Viele Kantone verfügen über ein gesetzlich garantiertes Angebot an familienergänzenden Betreuungsstrukturen.
Diese dienen der Vereinbarkeit von Familie und Arbeit und fördern die Entwicklung und Integration
der Kinder. Auch im Kanton Aargau sollen dafür nun endlich die gesetzlichen Rahmenbedingungen
geschaffen werden."
2.4.2 Sachliche und rechtliche Beurteilung
Die Initiantinnen und Initianten der Volksinitiative beabsichtigen eine umfassende Regelung der familienergänzenden Kinderbetreuung mit relativ hoher Regelungsdichte. Der Gesetzesentwurf lehnt sich
inhaltlich stark an die schliesslich abgelehnte SPG-Änderung an und geht zum Teil klar darüber hinaus. Im Vergleich zur SPG-Änderung ist der Handlungsspielraum der Gemeinden geringer ausgestaltet.
Im Folgenden wird themenspezifisch das Wesentliche kurz zusammengefasst und sachlich wie auch
rechtlich sowie in Bezug auf die Vollziehbarkeit beurteilt:
Angebot der Gemeinden
Der Entwurf verpflichtet die Gemeinden für ein bedarfsgerechtes Angebot an familienergänzender
Betreuung von Kindern bis Ende der Schulpflicht zu sorgen und legt sowohl die Betreuungsformen
(Kindertagesstätten oder Tagesfamilien für Vorschulkinder, Tagesstrukturen für Primarschulkinder,
Mittagstische für Jugendliche der Oberstufe) als auch die Öffnungszeiten (ganzjährig von Montag bis
Freitag von 7.00 Uhr bis 18.00 Uhr, ausgenommen Mittagstische) fest (§ 2 Abs. 1–3 Initiativ-Entwurf). Der Regierungsrat regelt die Einzelheiten zur Erhebung des Bedarfs. Dabei hat er die Zwecke
gemäss § 1 des Entwurfs angemessen zu berücksichtigen (§ 2 Abs. 4 Initiativ-Entwurf).

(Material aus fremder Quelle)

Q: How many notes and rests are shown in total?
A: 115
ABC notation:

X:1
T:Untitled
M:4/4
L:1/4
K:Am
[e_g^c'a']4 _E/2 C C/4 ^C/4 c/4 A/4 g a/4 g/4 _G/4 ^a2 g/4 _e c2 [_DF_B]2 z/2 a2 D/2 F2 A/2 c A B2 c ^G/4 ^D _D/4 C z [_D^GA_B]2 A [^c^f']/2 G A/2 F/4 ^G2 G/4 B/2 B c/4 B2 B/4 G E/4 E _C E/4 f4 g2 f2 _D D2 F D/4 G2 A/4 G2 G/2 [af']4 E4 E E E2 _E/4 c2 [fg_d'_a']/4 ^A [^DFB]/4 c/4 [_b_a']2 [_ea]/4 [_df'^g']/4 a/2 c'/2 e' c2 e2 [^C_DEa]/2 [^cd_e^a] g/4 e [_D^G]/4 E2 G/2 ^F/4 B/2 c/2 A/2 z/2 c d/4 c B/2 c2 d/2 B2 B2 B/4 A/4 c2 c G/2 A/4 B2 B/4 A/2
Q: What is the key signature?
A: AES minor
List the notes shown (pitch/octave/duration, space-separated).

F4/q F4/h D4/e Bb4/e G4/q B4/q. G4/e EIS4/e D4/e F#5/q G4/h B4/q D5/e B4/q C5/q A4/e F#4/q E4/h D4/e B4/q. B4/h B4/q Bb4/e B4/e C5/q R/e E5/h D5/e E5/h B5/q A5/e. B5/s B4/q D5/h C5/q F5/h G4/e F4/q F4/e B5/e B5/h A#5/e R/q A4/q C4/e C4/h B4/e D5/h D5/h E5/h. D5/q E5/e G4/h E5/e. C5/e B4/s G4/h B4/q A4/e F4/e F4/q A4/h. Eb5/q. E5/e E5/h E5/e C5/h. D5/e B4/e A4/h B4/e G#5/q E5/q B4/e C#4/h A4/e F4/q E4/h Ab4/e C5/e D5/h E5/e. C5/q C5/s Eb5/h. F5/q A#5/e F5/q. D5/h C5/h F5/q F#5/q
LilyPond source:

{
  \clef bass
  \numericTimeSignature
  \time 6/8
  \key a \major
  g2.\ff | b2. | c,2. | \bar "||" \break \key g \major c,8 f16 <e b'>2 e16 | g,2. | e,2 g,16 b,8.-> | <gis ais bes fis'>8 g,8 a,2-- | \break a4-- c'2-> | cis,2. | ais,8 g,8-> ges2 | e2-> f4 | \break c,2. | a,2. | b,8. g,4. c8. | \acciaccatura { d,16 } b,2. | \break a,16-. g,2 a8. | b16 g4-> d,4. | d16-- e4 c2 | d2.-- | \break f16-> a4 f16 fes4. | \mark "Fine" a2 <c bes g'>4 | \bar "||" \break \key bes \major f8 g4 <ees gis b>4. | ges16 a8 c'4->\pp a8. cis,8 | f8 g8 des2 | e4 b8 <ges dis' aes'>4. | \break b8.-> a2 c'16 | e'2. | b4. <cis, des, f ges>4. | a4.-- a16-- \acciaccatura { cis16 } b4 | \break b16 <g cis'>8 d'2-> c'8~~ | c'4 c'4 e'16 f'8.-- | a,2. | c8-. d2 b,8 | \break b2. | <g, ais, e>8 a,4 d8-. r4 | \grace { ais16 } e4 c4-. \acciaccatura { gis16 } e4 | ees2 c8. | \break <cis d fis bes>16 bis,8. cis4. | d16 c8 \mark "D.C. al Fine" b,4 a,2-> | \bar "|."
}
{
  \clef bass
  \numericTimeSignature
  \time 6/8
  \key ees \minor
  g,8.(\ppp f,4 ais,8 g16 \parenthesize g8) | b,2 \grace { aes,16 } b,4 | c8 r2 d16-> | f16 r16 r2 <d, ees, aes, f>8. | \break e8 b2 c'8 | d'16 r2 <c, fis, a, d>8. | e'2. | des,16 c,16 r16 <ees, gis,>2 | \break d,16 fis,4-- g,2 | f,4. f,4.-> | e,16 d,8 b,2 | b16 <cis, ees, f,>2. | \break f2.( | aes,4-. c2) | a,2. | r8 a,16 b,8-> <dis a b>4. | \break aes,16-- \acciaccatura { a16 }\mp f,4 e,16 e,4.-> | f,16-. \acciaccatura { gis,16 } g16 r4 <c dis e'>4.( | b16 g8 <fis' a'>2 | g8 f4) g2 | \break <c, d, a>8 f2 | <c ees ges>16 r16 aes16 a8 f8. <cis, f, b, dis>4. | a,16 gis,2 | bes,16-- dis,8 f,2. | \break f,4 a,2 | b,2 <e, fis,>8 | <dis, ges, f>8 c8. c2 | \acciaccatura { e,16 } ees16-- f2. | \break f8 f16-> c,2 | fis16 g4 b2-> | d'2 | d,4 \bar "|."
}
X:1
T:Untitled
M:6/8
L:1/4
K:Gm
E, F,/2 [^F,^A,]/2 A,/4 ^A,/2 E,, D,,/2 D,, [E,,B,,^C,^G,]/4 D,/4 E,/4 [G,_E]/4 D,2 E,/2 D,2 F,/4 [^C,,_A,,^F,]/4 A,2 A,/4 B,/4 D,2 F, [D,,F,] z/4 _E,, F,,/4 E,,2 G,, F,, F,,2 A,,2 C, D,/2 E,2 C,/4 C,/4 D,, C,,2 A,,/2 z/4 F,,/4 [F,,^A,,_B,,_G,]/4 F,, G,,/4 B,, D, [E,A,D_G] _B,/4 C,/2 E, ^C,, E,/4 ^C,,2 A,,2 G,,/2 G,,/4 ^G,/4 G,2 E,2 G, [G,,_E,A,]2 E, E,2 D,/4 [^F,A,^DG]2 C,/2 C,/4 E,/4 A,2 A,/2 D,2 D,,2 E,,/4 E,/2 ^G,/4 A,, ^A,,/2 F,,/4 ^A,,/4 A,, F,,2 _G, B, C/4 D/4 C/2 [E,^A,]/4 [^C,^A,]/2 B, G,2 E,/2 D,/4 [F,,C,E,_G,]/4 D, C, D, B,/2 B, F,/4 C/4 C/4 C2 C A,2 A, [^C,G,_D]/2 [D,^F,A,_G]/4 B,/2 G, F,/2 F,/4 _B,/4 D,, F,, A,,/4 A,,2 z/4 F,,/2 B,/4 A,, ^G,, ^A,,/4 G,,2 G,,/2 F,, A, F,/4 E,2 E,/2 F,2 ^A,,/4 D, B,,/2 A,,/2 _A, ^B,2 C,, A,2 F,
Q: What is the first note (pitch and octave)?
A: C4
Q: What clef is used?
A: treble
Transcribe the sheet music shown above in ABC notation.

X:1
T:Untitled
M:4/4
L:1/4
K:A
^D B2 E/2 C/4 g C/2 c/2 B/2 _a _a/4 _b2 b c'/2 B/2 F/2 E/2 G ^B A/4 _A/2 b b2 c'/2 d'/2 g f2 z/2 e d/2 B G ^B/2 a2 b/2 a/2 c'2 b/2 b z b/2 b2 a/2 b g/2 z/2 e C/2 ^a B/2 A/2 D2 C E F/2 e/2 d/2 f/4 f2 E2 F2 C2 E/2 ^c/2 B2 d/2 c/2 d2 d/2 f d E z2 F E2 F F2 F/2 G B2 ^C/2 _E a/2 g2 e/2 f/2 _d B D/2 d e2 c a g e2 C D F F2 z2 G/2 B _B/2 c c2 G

Die Regelung lässt den Gemeinden kaum Spielraum für Lösungen, die auf die örtlichen Gegebenheiten abgestimmt sind. Schulkinder können nicht durch Tagesfamilien betreut werden, obwohl diese
Form bei geringem Bedarf die kostengünstigste ist. In Kindertagesstätten und Tagesstrukturen werden die Kinder in Gruppen betreut, wobei eine Gruppe in der Regel 10–12 Plätze umfasst. Damit ein
kostendeckender Betrieb möglich ist, müssen bei Kindertagesstätten rund 90 %, bei Tagesstrukturen
rund 70 % der Plätze belegt sein. Eine Regelung, wie in der Volksinitiative vorgesehen, birgt die Gefahr, dass ein Angebot aufgebaut werden muss, das die effektive Nachfrage übersteigt. Dies kann im
Zusammenhang mit einer Subjektfinanzierung (vgl. § 5 Abs. 3 Initiativ-Entwurf) dazu führen, dass
sich die Zahl der privaten Leistungserbringer reduziert.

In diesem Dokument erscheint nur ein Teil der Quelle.